Pada siang ini RUU Perubahan UU Perlindungan Saksi dan Korban akhirnya disahkan menjadi Undang-undang oleh Rapat Paripurna DPR. Sebelumnya RUU ini secara marathon telah dibahas, baik pada Rapat Panja I (JW Marriot, 28 – 30 Agustus), Panja II (Salak, 5 – 7 September), Panja III (Nusantara II, 9 – 10 September). Rapat Panja IV (senin tanggal 15 September 2014). Dan laporan akhir Panja (23 September 2014).
Menurut Supriyadi Widodo Eddyono, anggota Koalisi dari Institute Criminal Justice Reform, (ICJR), Koalisi Perlindungan Saksi menyambut baik hasil keputusan Paripuna DPR hari ini yang mendukung disepakatinya beberapa perubahan dalam Undang-undang tersebut.
Supriyadi menyatakan ada beberapa kemajuan signifikan yang terlihat dalam undang-undang adalah kemajuan tersebut adalah: Pertama, semakin menguatnya pemberian bantuan hak korban khususnya hak atas bantuan medis, rehabilitasi psikososial dan psikologis. (pasal 6). Bantuan medis psikososial dalam UU ini bisa di akses tidak hanya bagi korban HAM berat namun juga bagi korban tindak pidana lainnya Korban tindak pidana terorisme, Korban tindak pidana perdagangan orang, Korban tindak pidana penyiksaan, Korban tindak pidana kekerasan seksual, dan Korban penganiayaan berat. “Ini adalah aturan yang paling penting bagi korban di Indonesia”, kata Supriyadi.

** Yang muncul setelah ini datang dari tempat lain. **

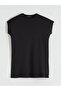 Black Crew Neck Women's Tunic - 5
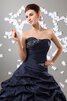 Pick up trägerlos Taft Perlenbesetztes Quinceanera Kleid mit Rüschen - 3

Dengan adanya pasal ini maka semakin dekatnya tanggung jawab Negara dalam pemberian hak korban kejahatan
Perbaikan Kedua adalah,semakin memadainya hak saksi dalam perlindungan misalnya adanya hak pendampingan bagi saksi, perlindungan bagi ahliyang memberikan keterangan dan perlindungan khusus bagi anak yang menjadi saksi. Dan yang Ketiga adalah penguatan kelembagaan LPSK yang sangat memadai dan tentunya berguna bagi pelaksanaan tugas LPSK kedepan.
Walaupun begitu Koalisi masih melihat beberapa kelemahnya substansi dalam RUU tersebut khususnya pengaturan perlindungan bagi whistleblower dan Juctice collaborator dalam pasal 10 Undang-undang. Koalisi melihat Definisi Whistleblower atau Pelapor kurang memadai. Termasuk pula Syarat menjadi Juctice collaborator yang kurang lengkap. Untuk kedua hal tersebut Koalisi menilai masih banyak tantangan dalam implmentasinya ke depan.